The vote is a preliminary step in a long process toward final approval. A negative vote would have dealt a tremendous setback to the $1.7 billion, 17-mile highway, which has been on the books for decades.
Some board members outside of Maryland did not embrace the ICC, which is planned to connect Interstates 270 and 95, saying it would draw away funds from local transit projects.
But Transportation Secretary Robert Flanagan has said he did not understand why a regional board would block a project that would be built in Maryland with state funds.
Environmental advocates also opposed the ICC and favored more transit projects to combat traffic. Opponents also have said the ICC could produce more sprawl along its proposed corridor.
In February, Ehrlich’s administration presented a funding plan that would borrow against future state and federal funds and toll revenues to pay for the project.
Robert Harris of the Greater Washington Board of Trade submitted testimony at a March 17 hearing in favor of the roadway.
“The (ICC) will provide more transportation choices, safer trips and a better quality of life for residents and businesses in Montgomery and Prince George’s Counties and throughout the region,” the testimony said.

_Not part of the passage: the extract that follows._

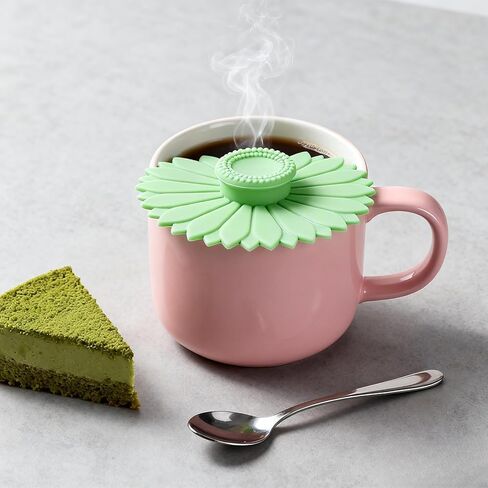 Reusable Silicone Cup Covers, Flexible Lids for Mugs and Tea Pots (Sunflower green) in Saudi Arabia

Testimony from ICC opponents not only favored transit, but also requested that the Transportation Planning Board leverage its power to block the ICC so that Ehrlich would commit more funding to transit.
At the same hearing, testimony from Prince George’s Advocates for Community-Based Transit said, “We question the unbalanced transportation plan presented by Maryland: It is not an equitable approach to regional transportation planning.”
Montgomery County Executive Douglas Duncan, one of the ICC’s biggest supporters, praised the Transportation Planning Board’s decision.
“Commuters in the Washington metropolitan area have some of the longest commute times in the nation and they deserve better,” he said in a written statement. “That’s why we need to move forward on critical projects like the ICC that hold so much promise for a better quality of life.”
Ehrlich, who vowed to build the ICC during his campaign for governor in 2002, promised construction of the highway would begin in fall 2006.